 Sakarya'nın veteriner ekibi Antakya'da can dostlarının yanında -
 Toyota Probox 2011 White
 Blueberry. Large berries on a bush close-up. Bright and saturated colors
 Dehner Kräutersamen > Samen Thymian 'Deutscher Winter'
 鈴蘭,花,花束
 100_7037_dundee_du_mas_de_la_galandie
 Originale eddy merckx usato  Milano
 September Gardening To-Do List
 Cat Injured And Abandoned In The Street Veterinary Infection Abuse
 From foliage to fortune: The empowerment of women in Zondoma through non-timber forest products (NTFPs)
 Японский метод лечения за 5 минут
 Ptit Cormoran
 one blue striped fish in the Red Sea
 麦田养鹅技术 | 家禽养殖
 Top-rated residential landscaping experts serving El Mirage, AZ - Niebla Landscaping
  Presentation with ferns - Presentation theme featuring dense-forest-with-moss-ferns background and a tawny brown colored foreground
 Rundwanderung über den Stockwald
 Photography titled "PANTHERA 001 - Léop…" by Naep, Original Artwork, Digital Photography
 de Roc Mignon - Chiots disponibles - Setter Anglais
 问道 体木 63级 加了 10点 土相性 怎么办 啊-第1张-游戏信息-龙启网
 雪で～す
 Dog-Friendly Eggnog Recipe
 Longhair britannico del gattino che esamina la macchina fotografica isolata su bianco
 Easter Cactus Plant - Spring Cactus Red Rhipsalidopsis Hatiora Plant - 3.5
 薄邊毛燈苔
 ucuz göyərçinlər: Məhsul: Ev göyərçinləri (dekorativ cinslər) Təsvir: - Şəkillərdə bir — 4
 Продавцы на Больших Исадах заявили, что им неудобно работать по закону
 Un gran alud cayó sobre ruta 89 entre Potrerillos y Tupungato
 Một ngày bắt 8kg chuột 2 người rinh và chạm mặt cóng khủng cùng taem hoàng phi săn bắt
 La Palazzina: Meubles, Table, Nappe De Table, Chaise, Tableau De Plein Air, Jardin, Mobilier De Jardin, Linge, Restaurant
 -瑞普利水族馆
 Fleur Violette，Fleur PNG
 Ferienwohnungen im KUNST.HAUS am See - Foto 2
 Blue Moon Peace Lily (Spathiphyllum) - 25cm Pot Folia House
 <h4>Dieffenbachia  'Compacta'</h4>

□ □ □ □ □ □ □

> **About this exercise**
Reprint exactly the lines above that start at the one with "100_7037_dundee_du_mas_de_la_galandie" and end at the one with "de Roc Mignon", keeping both and adding none.

> **Solution for this problem**
 100_7037_dundee_du_mas_de_la_galandie
 Originale eddy merckx usato  Milano
 September Gardening To-Do List
 Cat Injured And Abandoned In The Street Veterinary Infection Abuse
 From foliage to fortune: The empowerment of women in Zondoma through non-timber forest products (NTFPs)
 Японский метод лечения за 5 минут
 Ptit Cormoran
 one blue striped fish in the Red Sea
 麦田养鹅技术 | 家禽养殖
 Top-rated residential landscaping experts serving El Mirage, AZ - Niebla Landscaping
  Presentation with ferns - Presentation theme featuring dense-forest-with-moss-ferns background and a tawny brown colored foreground
 Rundwanderung über den Stockwald
 Photography titled "PANTHERA 001 - Léop…" by Naep, Original Artwork, Digital Photography
 de Roc Mignon - Chiots disponibles - Setter Anglais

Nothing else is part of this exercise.